Azure Specific Pre-install Instructions
If you are an Azure user, Azure is the only environment that has very specific kernel version requirements. The default kernel level of a non HPC node will not be compatible with DSX:
uname -r 3.10.0-514.28.1.el7.x86_64
To install a supported kernel level, run the following code:
yum install kernel-3.10.0-514.21.1.el7.x86_64 reboot
General Pre-install Instructions
Follow these steps, along with the examplar code, to pre-install packages, modules and update video drivers for DSX pre-installation. For instructions on downloading NVIDIA drivers, jump to the section Download and Install NVIDIA GPU.
yum install pciutils
Check for the default video driver.
lsmod | grep -i nouveau
Disable the default nouveau drivers using the following procedure below to a) update grub.conf and b) blacklist.conf (depending on the image you use these might already be disabled. See step 2) and c) reboot.

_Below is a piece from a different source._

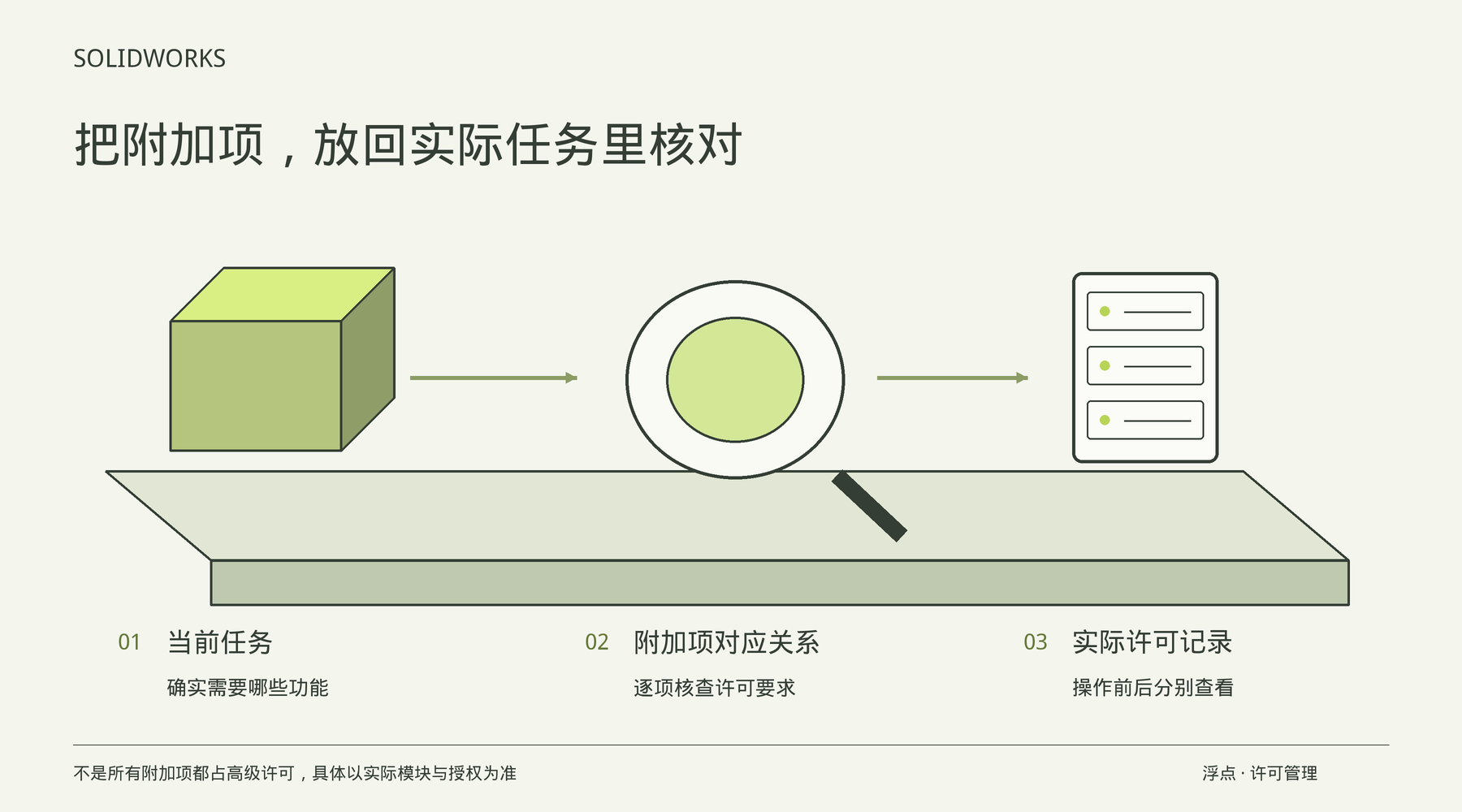 SOLIDWORKS只做基础建模,也在占高级许可?先检查启动附加程序:资源管理要点
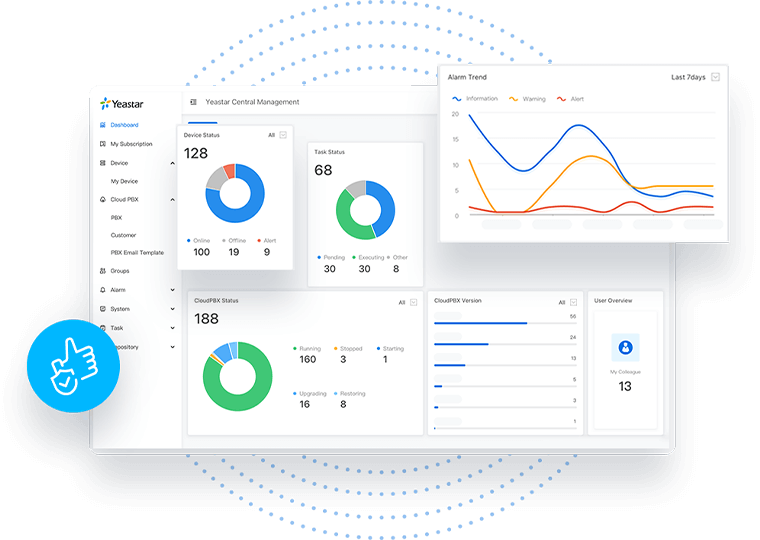 Real-time Performance Monitoring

a. Update grub to blacklist the nouveau driver by appending
rd.driver.blacklist=nouveau nouveau.modeset=0to the GRUB_CMDLINE_LINUX line as shown below.
vi /boot/default/grub Change : GRUB_CMDLINE_LINUX="console=ttyS0,115200n8 console=tty0 net.ifnames=0 crashkernel=auto” to GRUB_CMDLINE_LINUX="console=ttyS0,115200n8 console=tty0 net.ifnames=0 crashkernel=auto rd.driver.blacklist=nouveau nouveau.modeset=0"
Complete the update by running the following command:
grub2-mkconfig -o /boot/grub2/grub.cfg
b. Edit/create the filepath
c. Reboot the system to activate the changes.
Add kernel-tools and kernel-devel packages by installing the version that matches the kernel version.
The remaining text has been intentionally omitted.